É descobrir que do vigésimo andar, se tem uma bela vista, uma bela alvorada, um belo por do sol. É perceber com o tempo, que só um completo desocupado pode usufruir de tudo isso a contento, quem tem mais o que fazer só olha de vez em quando e volta ao serviço.
É descobrir que sem uma sacada, a apreciação da paisagem fica muito comprometida, mas mesmo sem ela o vento lá em cima pode arremessar sua documentação para longe, mas longe mesmo, espalhando por várias quadras o que deveria ficar sobre a mesa, para organizar sua vida.
É sacar imediatamente a câmera, ao ver uma cena interessante na rua, e ver o vizinho da torre da frente se afastar devagar, com cara de "Meu Deus, um psicopata", sem a mínima possibilidade de simplesmente mostrar o evento que está do lado oposto ao que ele pode ver.
É estar cercado por quatro vizinhos, todos eles cientes de cada risada solta por uma boa anedota, cada palavrão de desabafo, cada desafinação que os vizinhos de uma casa nunca ouviriam, enfim, é pegar o elevador e todo mundo te olhar com cara de sarcasmo.
É não adiantar chamar os caça-fantasmas, porque aqueles ruídos de coisas se arrastando, passos nas paredes e no teto, coisas batendo "dentro da parede", cantarolas desafinadas que vêm do nada, não são espíritos zombeteiros e nem elementais, são só os quatro vizinhos que te cercam.
É sentir-se vivendo ao lado de um gigantesco intestino, com as tubulações de água e esgoto funcionando praticamente sem tréguas, fora aquele assobio e aquele estrondo do vento no vigésimo andar, que fazem parecer que uma gigantesca flatulência está prestes a preceder algo igualmente grande e mal cheiroso.
É esperar cinco ou mais minutos para sair pelo portão, o que eu estava acostumado a fazer em segundos sem elevador, portaria e protocolos de condomínio; isso quando algum sacana não prende o elevador!

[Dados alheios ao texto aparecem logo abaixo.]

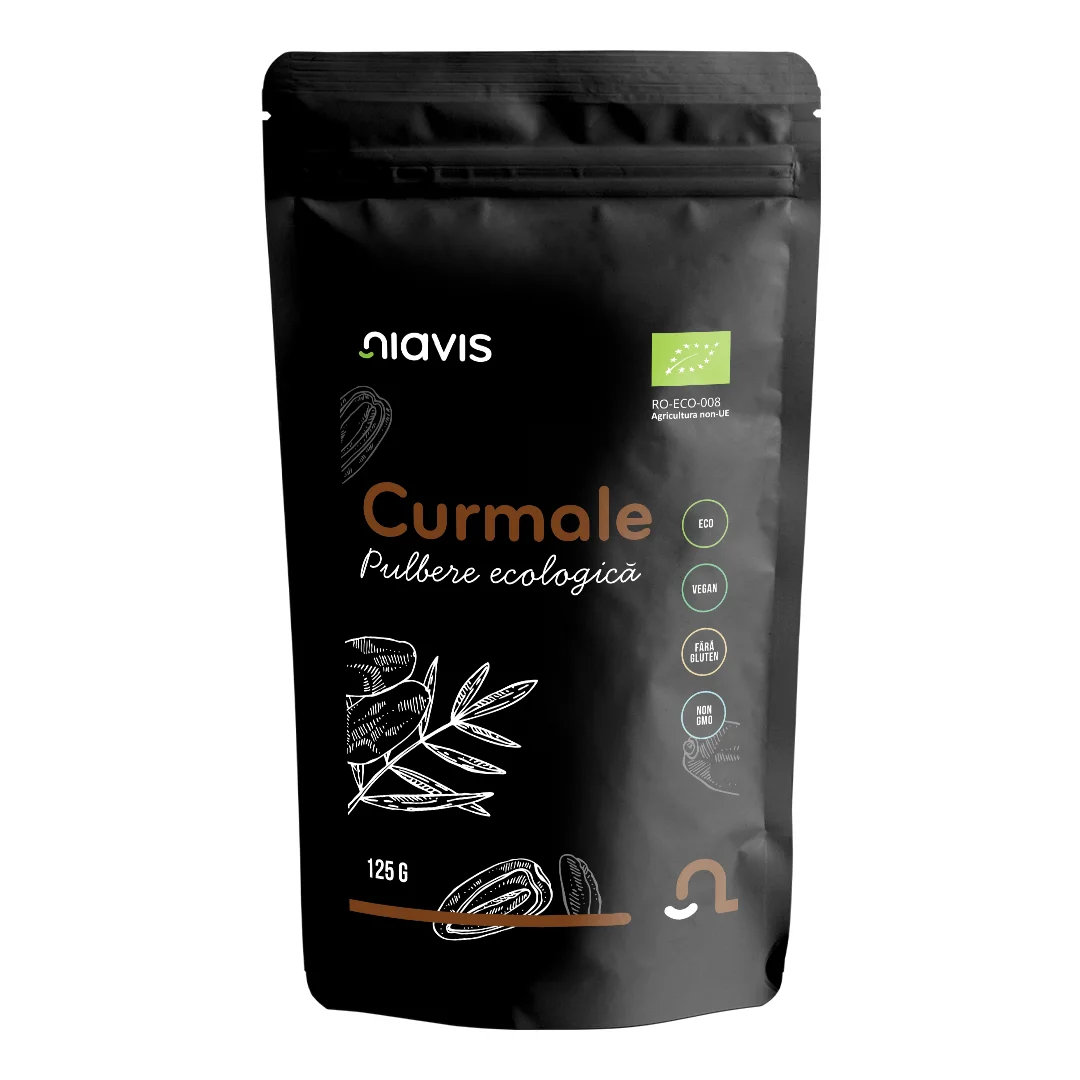 Pulbere Bio de curmale, 125g, Niavis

É dar satisfações de sua vida pessoal a gente que eu pago, porque suas visitas não podem subir sem permissão prévia, os carros das visitas não podem ficar na minha vaga, os prestadores de serviço só podem entrar até certo horário, então danou-se se algo quebrar depois das dezoito horas.
É ouvir aquela ladainha de que é mais seguro, quando os noticiários estão repletos de casos em que quadrilhas especializadas infiltram membros na empresa terceirizada para fazer o condomínio inteiro de refém, isso quando a própria empresa não é aberta com esse propósito.
É ter uma área de lazer que, na planta, é a coisa mais linda do mundo, mas ao vivo é bem menor e menos bem acabada, fora que se todo mundo decidir aproveitar aquilo no mesmo dia, meu Deus, onde eu amarrei meu burro?
É não poder contractar o servidor de internet fixa em que menos desconfio, porque o condomínio já escolheu os seus e os outros não têm e nem podem ter cabeamento lá dentro, me obrigando a comprar uma linha móvel.
É ver a diarista ter que usar o elevador de serviço, o mesmo que leva carga, porque não fica bem uma empregada usar o mesmo veículo dos condôminos, para não ofender o status quo e me vender a ilusão de que eu sou rico.
É um condômino ter que usar o elevador de serviço, o mesmo que leva carga, porque quer usufruir do que paga e vai levar seu cãozinho de companhia para passear, mesmo que esteja com toda a parte veterinária em dias, que tenha acabado de escovar a pelagem e use fraldas.
É descobrir que aquelas "duas vagas" só são reais se teu carro for um subcompacto, pois até um Ônix ficaria apertado nelas, imagine se eu conseguisse trazer minha sonhada e gigantesca Pontiac Parisienne Wagon 1969 de nove lugares!
É descobrir que, realmente, eu sou bicho de chão mesmo!
2 comentários:
Fantástico post !
Descreveste bem as agruras da vida em condomínio !
Muito bom essas divagações suas !
[ ]´s
Não vejo a hora de sair daquele pardieiro!